You make these threats today—I have always threatened myself and prepared my human self for human possibilities.

>“This business of a poet,” said Imlac, “is to examine, not the individual, but the species; to remark general properties and large appearances. He does not number the streaks of the tulip, or describe the different shades of the verdure of the forest. He is to exhibit in his portraits of nature such prominent and striking features as recall the original to every mind, and must neglect the minuter discriminations, which one may have remarked and another have neglected, for those characteristics which are alike obvious to vigilance and carelessness.

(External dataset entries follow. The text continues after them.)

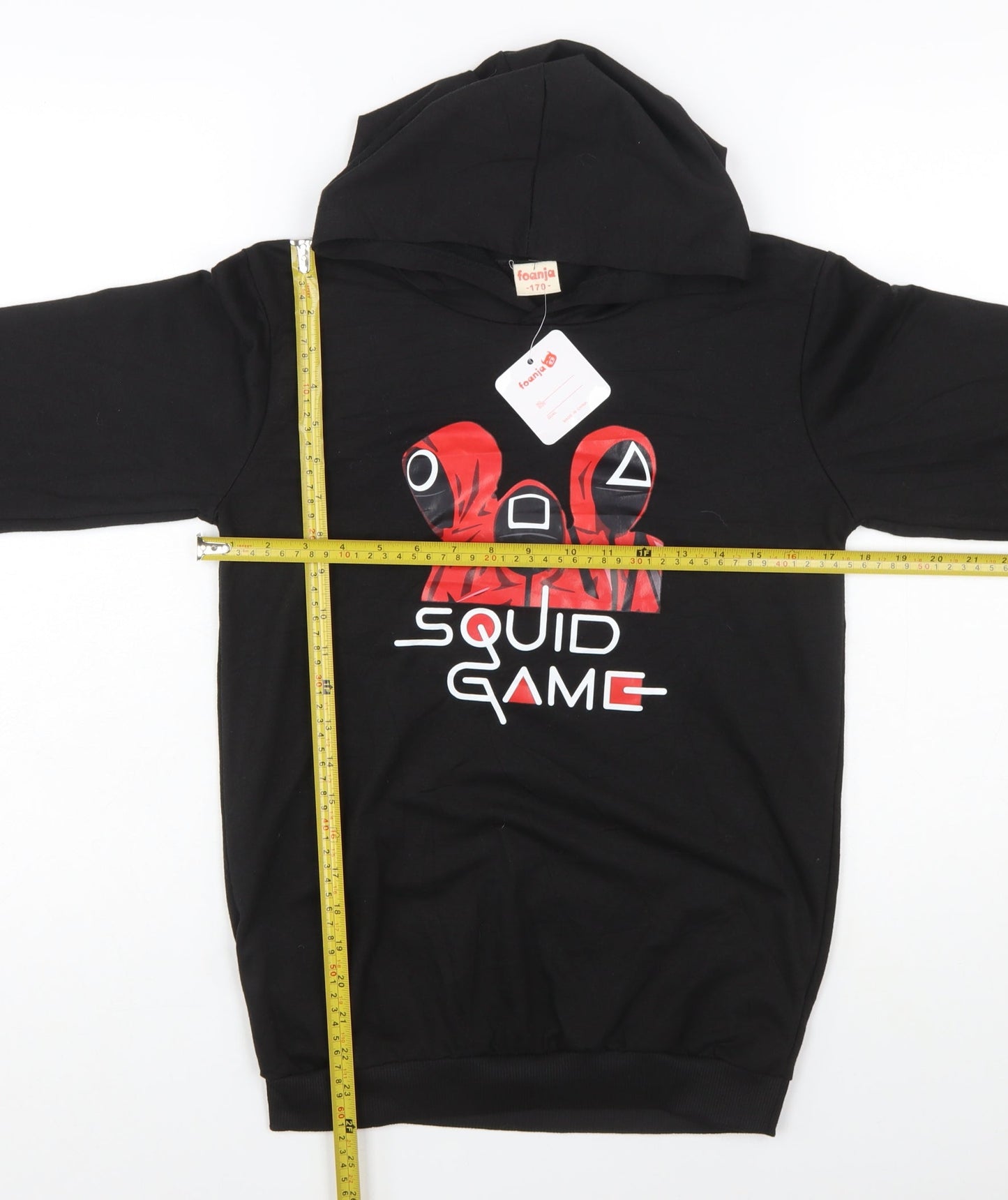 Foanja Boys Black Squid Game Pullover Hoodie 16 Years Graphic Print Cotton Blend
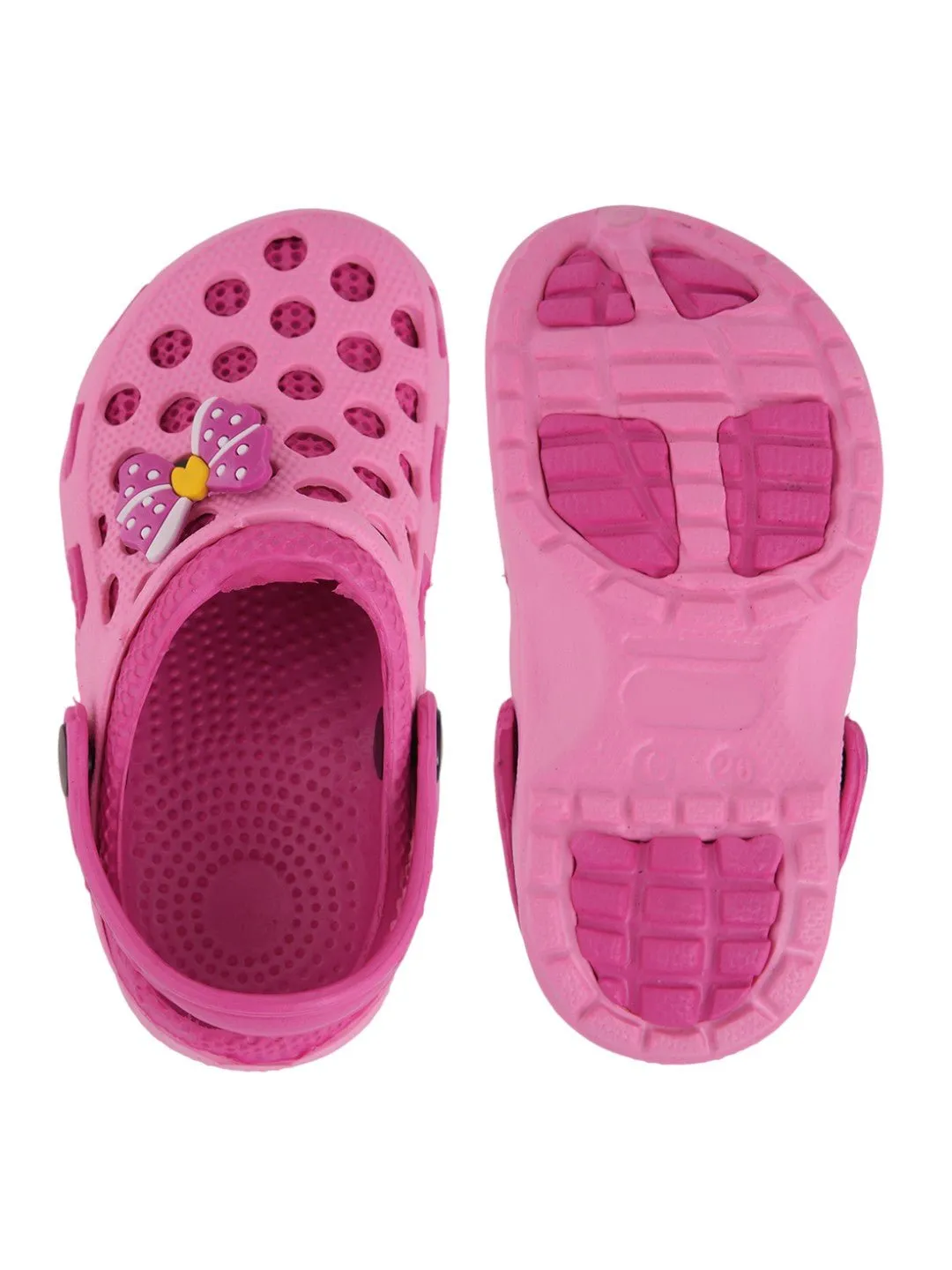 Bow and Polka Dot Design Clogs for Girls- Pink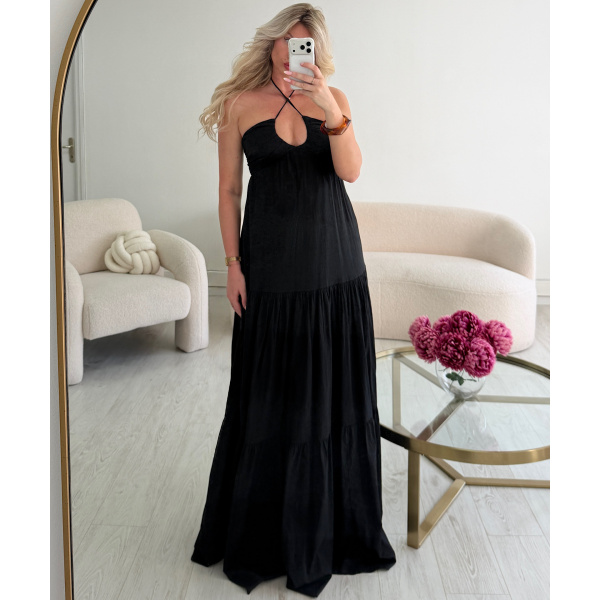 Robe longue TALL  coton noire DRESS DESIREE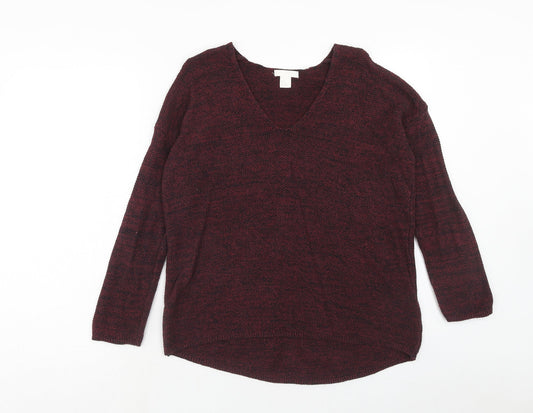 H&M Womens Red V-Neck Cotton Pullover Jumper Size S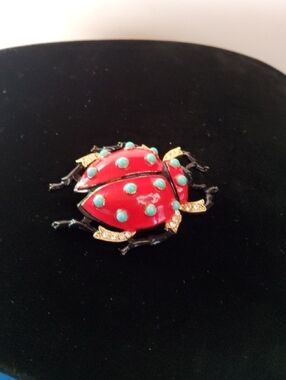 Vintage Kenneth Jay Lane Ladybug Brooch.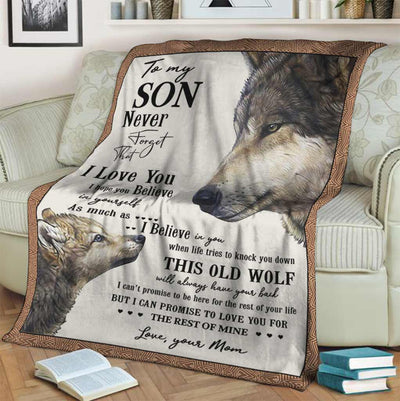 Wolf To My Son Never Forget - Flannel Blanket - Owls Matrix LTD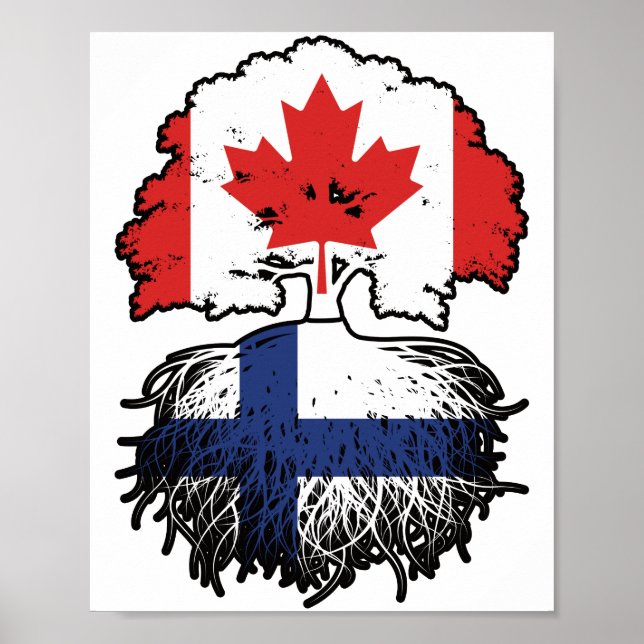 Póster Finland Finnish Canadian Canada Tree Roots Flag (Frente)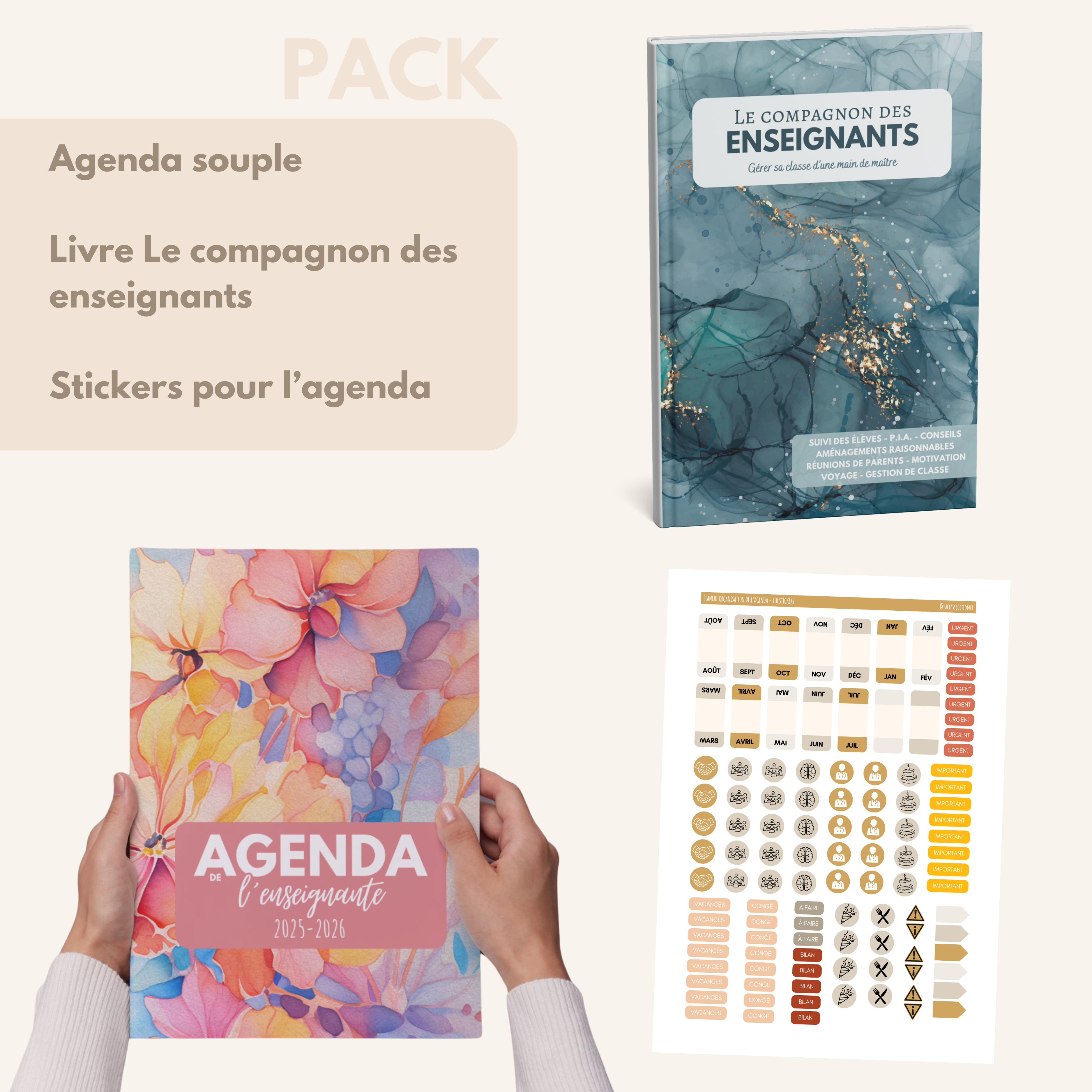 Agenda de l'enseignante FLORA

>“But the knowledge of nature is only half the task of a poet; he must be acquainted likewise with all the modes of life. His character requires that he estimate the happiness and misery of every condition, observe the power of all the passions in all their combinations, and trace the changes of the human mind, as they are modified by various institutions and accidental influences of climate or custom, from the sprightliness of infancy to the despondence of decrepitude. He must divest himself of the prejudices of his age and country; he must consider right and wrong in their abstracted and invariable state; he must disregard present laws and opinions, and rise to general and transcendental truths, which will always be the same. He must, therefore, content himself with the slow progress of his name, contemn the praise of his own time, and commit his claims to the justice of posterity. He must write as the interpreter of nature and the legislator of mankind, and consider himself as presiding over the thoughts and manners of future generations, as a being superior to time and place.

>“His labour is not yet at an end. He must know many languages and many sciences, and, that his style may be worthy of his thoughts, must by incessant practice familiarise to himself every delicacy of speech and grace of harmony.”